Both need to commit one way or the other. Either stay apart or stay together. A conversation needs to be had, and some serious soul searching needs to take place. A lot of personal growth needs to happen. Together during the good times, apart during the bad times means both parties in the relationship are incredibly immature by my estimation. When times get tough, if your first insticts are to run away, you're never going to be marriage material as an individual.


----------



## SunCMars (Feb 29, 2016)

Think of a number of gears turning and meshing.

You have a set number of gears, your lover has their number.

One partner may have a different number, this causes problems right from the get-go. The single gear not having a mating set will make the clockwork unbalanced, unsettled.

For the partnership to work, most of the gears must mesh, they must readily turn with each other, not against.

When most gears work together, mesh together, you have compatibility.

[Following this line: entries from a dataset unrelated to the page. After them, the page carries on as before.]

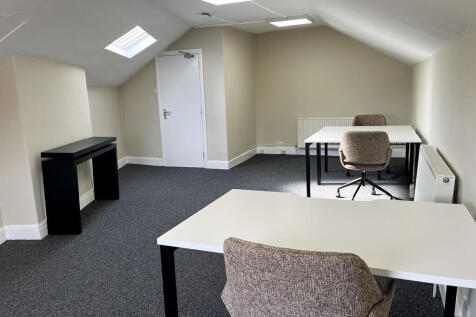 Office suuite 5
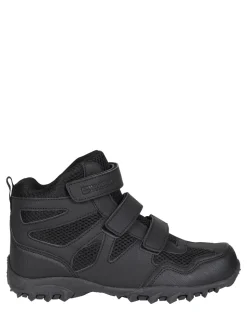 Baskets Mountain Warehouse Mars Non Marking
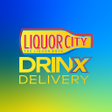 程序图标：Liquor City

The sex gears may mesh, mash well, um!

If the others do not, the clockwork will protest and eventually grind to a halt.

Yes, I was an Engineer.





[THM]- THRD


----------



## Lostinthought61 (Nov 5, 2013)

when we reach our 40's 50's we all have baggage...no one escape that...in fact if you ever meet someone who say they have no baggage then they are the baggage, and you should run immediately. here is the thing......the older we get, narrower the scope of of what we would say "no" or "unacceptable" too in our youth diminishes ...and we will accept things maybe out of comfort, maybe out not wanting to be alone, maybe because what we see else where is no better. and this is not just for single people but for some married couples as well. I am not suggesting for a second its bad, it is what it is. So maybe right now you settle for good sex and comfort until you don't, the key is for you to know when you don't, and then move on and not look back.


----------



## Deejo (May 20, 2008)

I chalk it up to self-awareness and logistics. If you are of an age where you simply aren't considering marriage either because you are young, or you have been there done that, I can understand 'floating' with a partner who isn't suitable enough to want to lock down and build something with, but isn't irritating enough to never ever want to see again.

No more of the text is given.